Aries closed his eyes. He swept his hands, palms up, into the air before him, and the ground began to rumble underfoot. Not enough to knock me off balance, but enough to make me hold my arms out to steady myself. From beneath the ground, as if it had been sunken in water and was being raised from the depths, Aries unearthed his kingdom.
Sleek, dark columns erupted from the arid soil to form a forest of stone, each one so tall, I had to squint against the sky to see the stone-capped tops. Beyond the dizzying rows of columns rose an even taller castle, complete with balconies and sharply tipped turrets.
I stood beside him, stunned, my mouth agape as I tried to make sense of what I was seeing. He glanced at me in his periphery.
“I must gather mine among the divided,” he finally spoke, “and call forth the other eleven Guardians so that they may assist them and keep the peace.”
I closed my eyes, picturing the terror that those born under the Aries sign were about to experience and wishing there was some way to help them.
Aries said my name and waited until I looked him in the eye. For a long moment, he watched me as if I were a puzzle, something to figure out. “I have to claim them and bring them here where they can be safe. They’ve watched all the others disappear. My people are the only ones still scattered. They’re frightened.”
“Have you ever done this before? Collected your people?”
He shook his head. “Before… it wasn’t necessary. The separation occurred at birth and was the way of life.”
/> Before what? What happened that made things so drastically different? How long were he and the others asleep?

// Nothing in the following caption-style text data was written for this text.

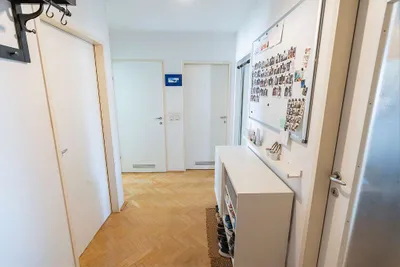 3-Zimmer-Wohnung mieten in Wien – 64 m², € 1.350 – Bild 9 von 16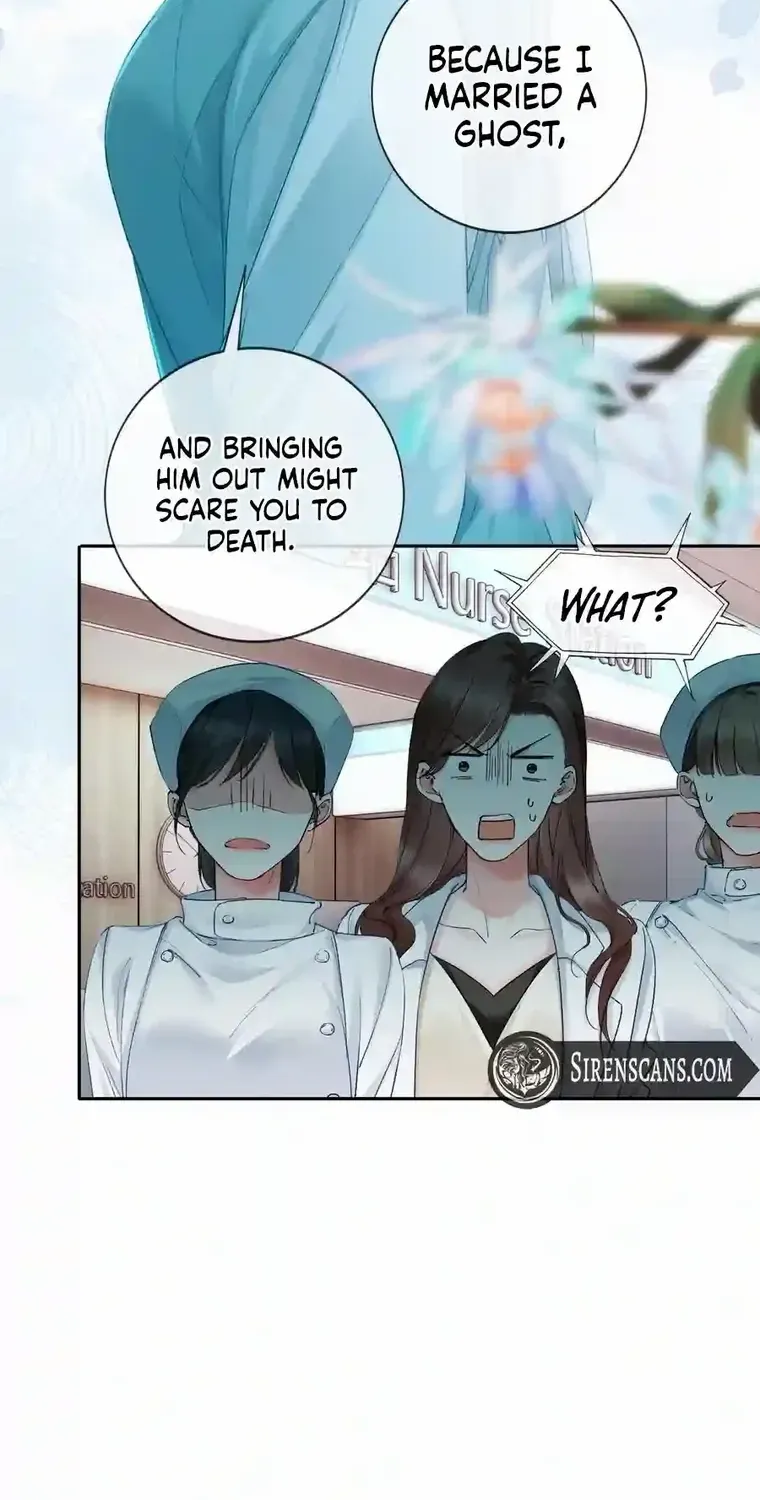 Affectionate Temptation Chapter 1 page 22 - 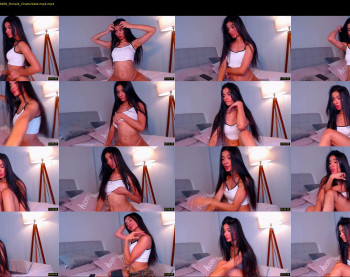 _hellokitty01 — 63 minute Chaturbate female cam show recording, 1080p, May 17, 2020
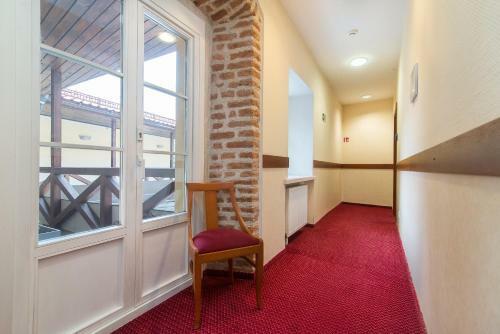 The Old Town Apartment 207 By Urban Rent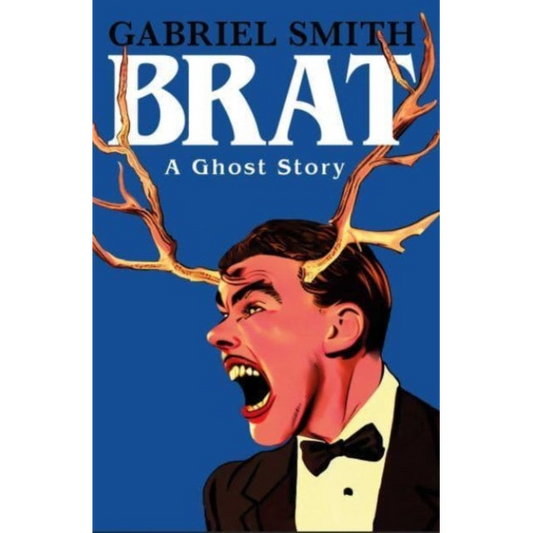BRAT : A Ghost Story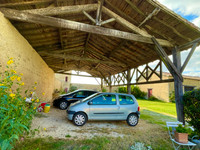 Maison à vendre à Lezay, Deux-Sèvres - 445.200 € - photo 7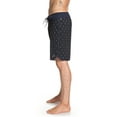 thumbnail image 2 of Waterman Odysea Manoa 19 Mid Length Boardshorts [Parisian Night], 2 of 3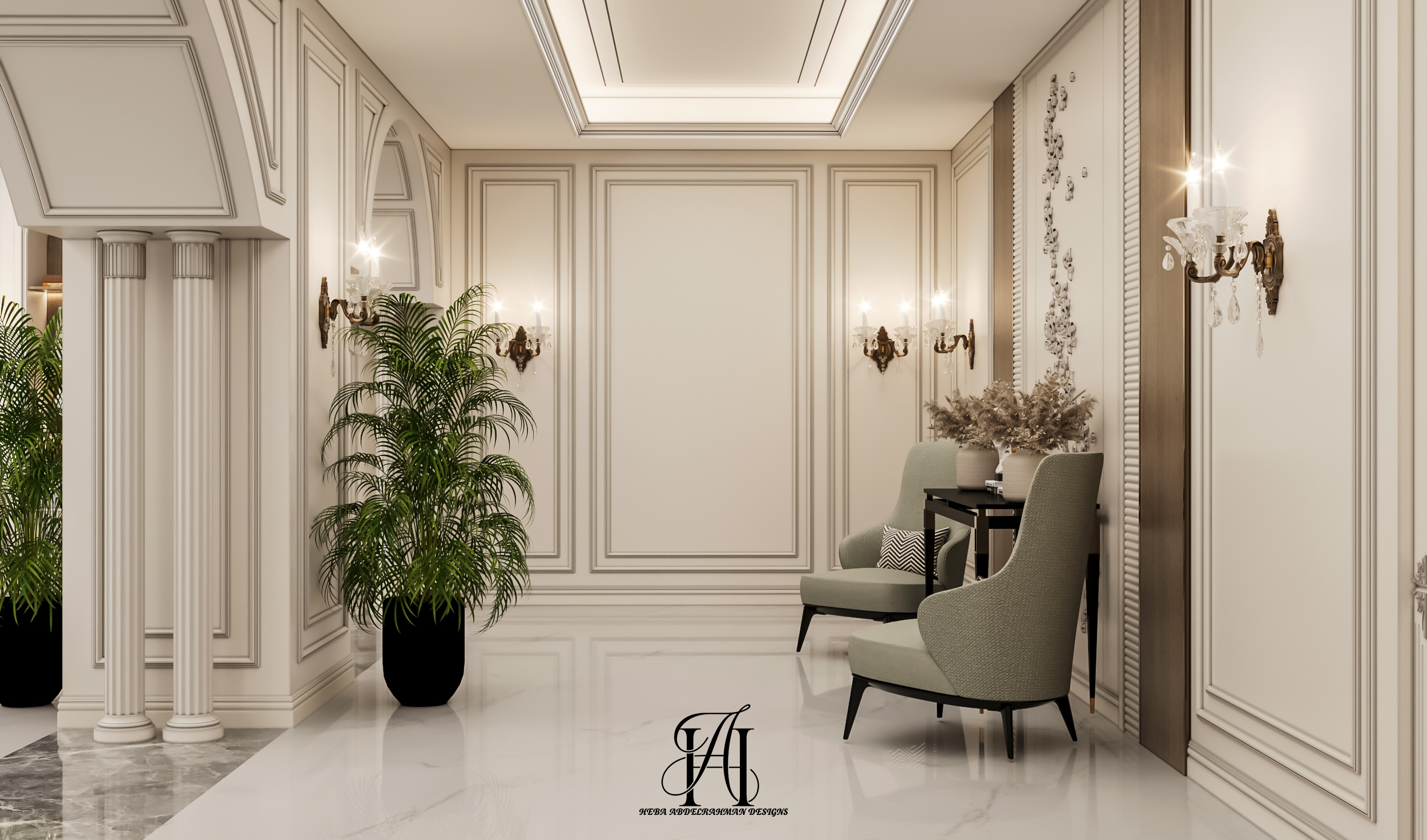 丨沙特阿拉伯利雅得-12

Behind him, his home stood proudly. His castle’s shadow yawned over the land as the sun slowly slipped toward the west. Aries turned in a circle, stretching his hands out and speaking in that secret language I didn’t recognize. In a blink, thousands – no, hundreds of thousands – of people appeared, stretching as far as I could see in every direction but the mountain behind us. Men, women, and children. Wealthy, impoverished, and everything in between. Every race. Every religion. Every age and walk of life was represented. Everything that used to separate us from one another didn’t matter now that the Zodia were here.
Visibly frightened, his people huddled together against the cold, howling wind. Infants screamed. They’d been torn from their mothers and fathers, from those who loved them, and now rested in the arms of complete strangers. Did Aries consider how he might feed them? What about those who were ill? I caught sight of a man wearing a thin hospital gown, shivering in the biting air. Some wore pajamas. Some bikinis and board shorts. Some donned business suits, some jeans and tees, while others wore parkas.
There were jewel-toned saris, muted plaid kilts. Some wore shoes. Some were barefoot. There were men wearing keffiyehs, and one who wore a blood red bandana atop his head, sporting a leather jacket with moto patches. One girl about my age wore a gown, complete with a sash and glittering crown. She stood next to a guy with saggy pants who wore a beanie clamped down over thick dreads.
Moments later a new, smaller group appeared between us and Aries’ people. Although they looked human enough, they weren’t.
I counted each one to be sure. There were eleven.
The Guardians ranged in age from young adult to elderly, male and female. They looked like they could seamlessly fit in amongst the throng of people, but their ultimate duty was to Aries alone.
Aries quickly introduced himself to the assembled multitude, his voice booming over the land like peals of thunder. Loud and terrible, but clear. He explained that they were residents of his kingdom now, and then, as easily as he’d constructed his temple and the castle within it, he built humble homes for them all, simply by whispering for them to raise up. Wide-eyed people moved out of the way of the rising stones and watched the walls rise and roofs thatch themselves. Aries’s castle postured over it all, nestled into the mountain’s side like a kitten curled up to its owner.